## Available data
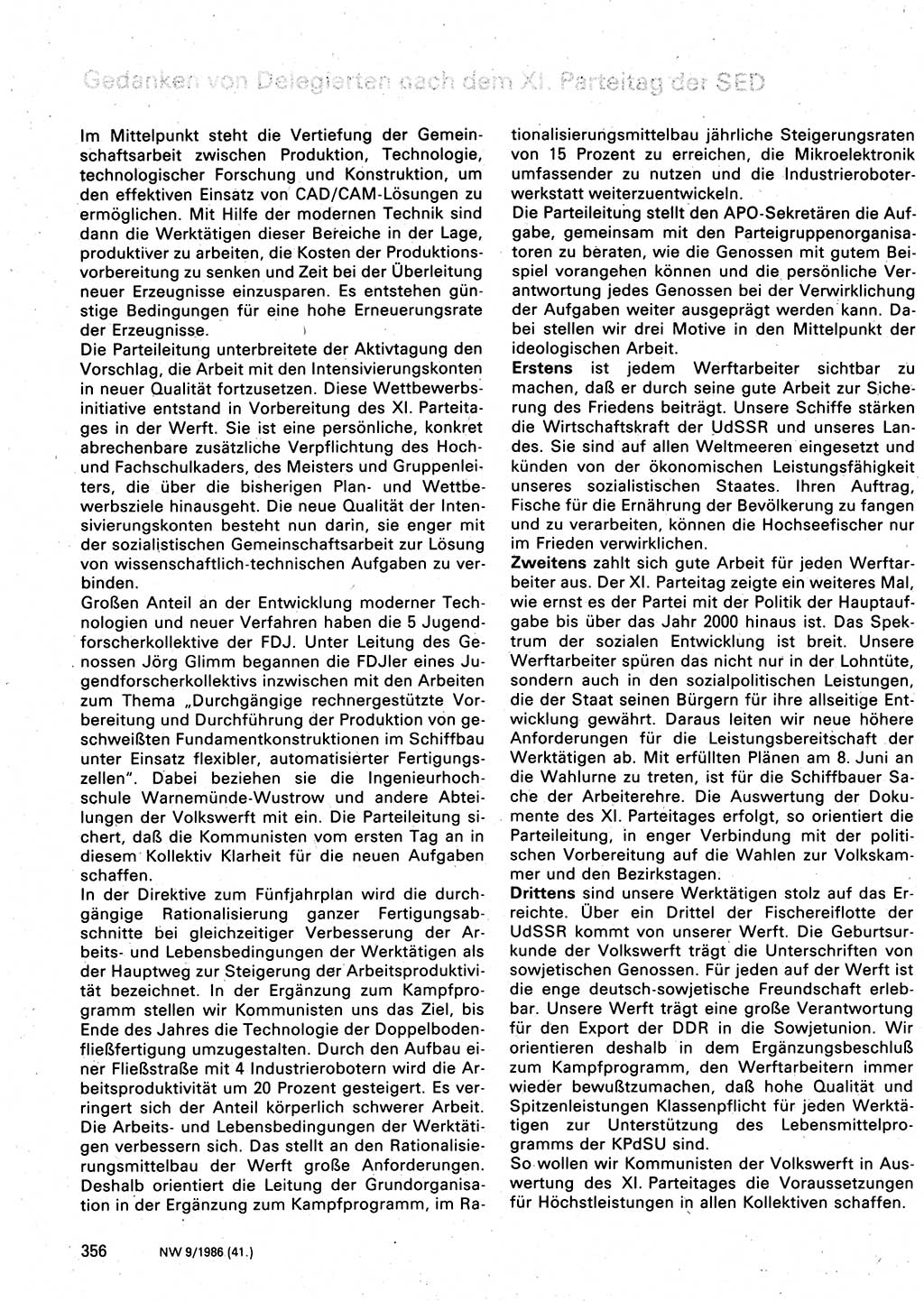 Neuer Weg (NW), Organ des Zentralkomitees (ZK) der SED (Sozialistische Einheitspartei Deutschlands) für Fragen des Parteilebens, 41. Jahrgang [Deutsche Demokratische Republik (DDR)] 1986, Seite 356 (NW ZK SED DDR 1986, S. 356)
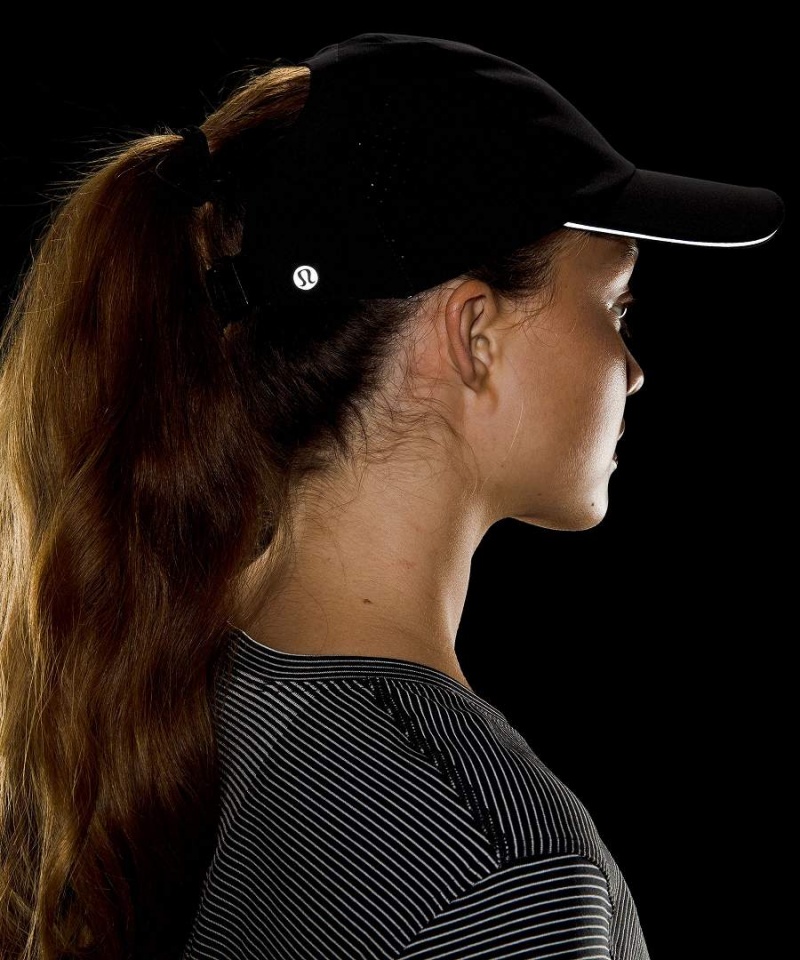 Lululemon Fast and Free Ponytail Löpar Vent Hatt Dam Svarta Sverige | KJOWPN861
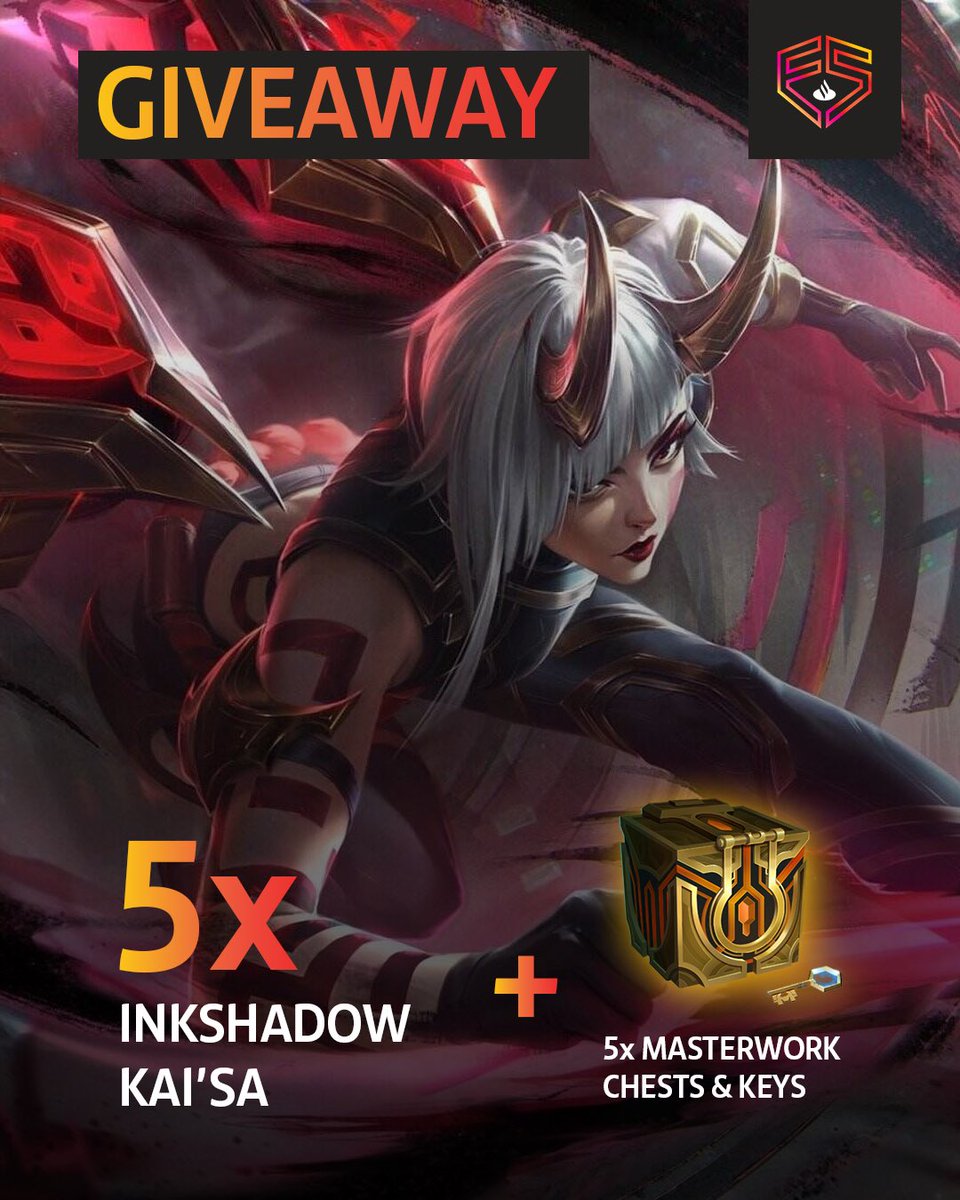 🚨 IT’S WEEKLY GIVEAWAY TIME 🚨 

🎁  Win the new INKSHADOW KAI’SA skin AND 5x Masterwork Chests and keys!

To enter:
✅ Follow us
✅ Retweet 
✅ Comment below which #LEC team you’ll be supporting in the Summer 2023 split!

GLHF 🤝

## Exercise aim
Print the lines from the one that contains "Lululemon Fast and" through the last line of the data, exactly and in full, and no other lines. Pictures are not part of the copy.

## Answer to this task
 Lululemon Fast and Free Ponytail Löpar Vent Hatt Dam Svarta Sverige | KJOWPN861
 🚨 IT’S WEEKLY GIVEAWAY TIME 🚨 

🎁  Win the new INKSHADOW KAI’SA skin AND 5x Masterwork Chests and keys!

To enter:
✅ Follow us
✅ Retweet 
✅ Comment below which #LEC team you’ll be supporting in the Summer 2023 split!

GLHF 🤝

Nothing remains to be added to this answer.